Fostering a steady and healthy real estate market is necessary for economic growth. Given the urbanization process and the need for housing renovation, China's property market still has huge potential and room for development.
In promoting a new development model for the real estate market, China will focus on planning and building affordable housing, and advancing the construction of public infrastructure for both normal and emergency use and the renovation of villages in cities, said Ni Hong, minister of housing and urban-rural development, on March 9.
This year, China will renovate 50,000 old urban residential communities and over 100,000 km of urban underground pipelines for gas, water, sewage, and heating. These measures will increase the demand for the property sector.
Local authorities have been expediting the establishment of real estate financing coordination mechanisms and extending financing support to key projects.

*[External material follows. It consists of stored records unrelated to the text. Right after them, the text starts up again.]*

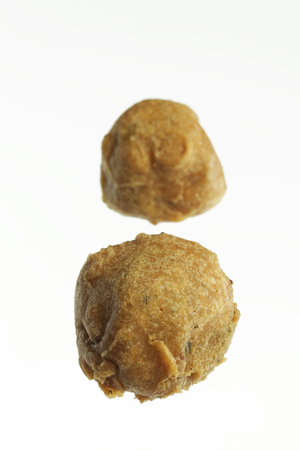 Fast food deep fried potato vada on white background.の写真素材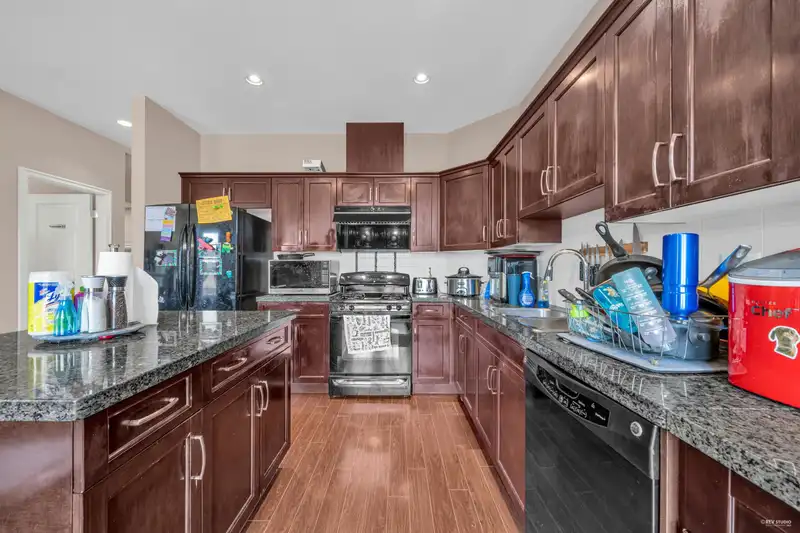 6942 208 STREET - photo 3 of 33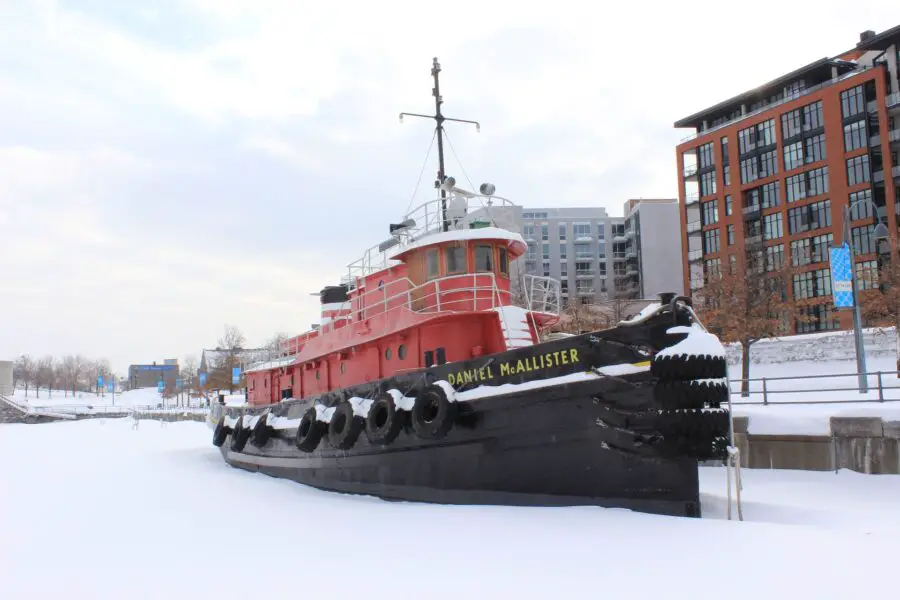 A red and black ship with the name "Daniel McAllister" stationed at the old port of Montreal in the winter, surrounded by snow and ice, perfect for a Montreal free walking tour!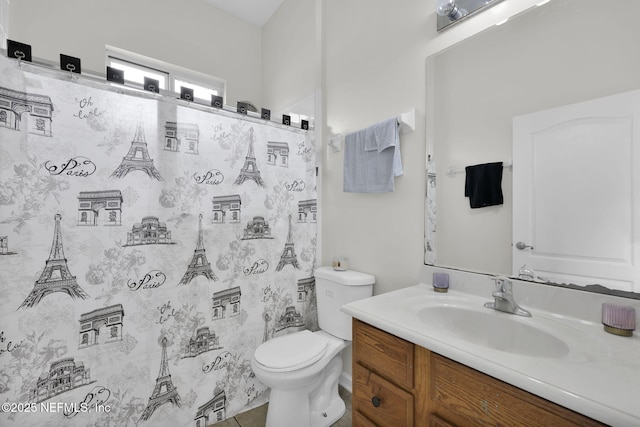 bathroom with tile patterned floors, a shower with curtain, vanity, and toilet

More than 300 Chinese cities in 31 provincial-level regions have already facilitated financing channels and presented over 6,000 real estate projects on the "white lists" that are eligible for financing support. As of the end of February, commercial banks had approved such loans exceeding 200 billion yuan (28.2 billion U.S. dollars).
Different cities have been encouraged to tailor policies to their specific market and population contexts. For example, Shanghai has eased restrictions on house purchases for individuals without local household registration certificates.
Putting in place a new development mode for the real estate market is the fundamental solution to the difficulties in the sector and promoting a stable and healthy real estate market. As policies and measures continue to yield outcomes, the new development model for the real estate sector will by all means fortify the resilience of the Chinese economy, contributing to its sustained and quality growth.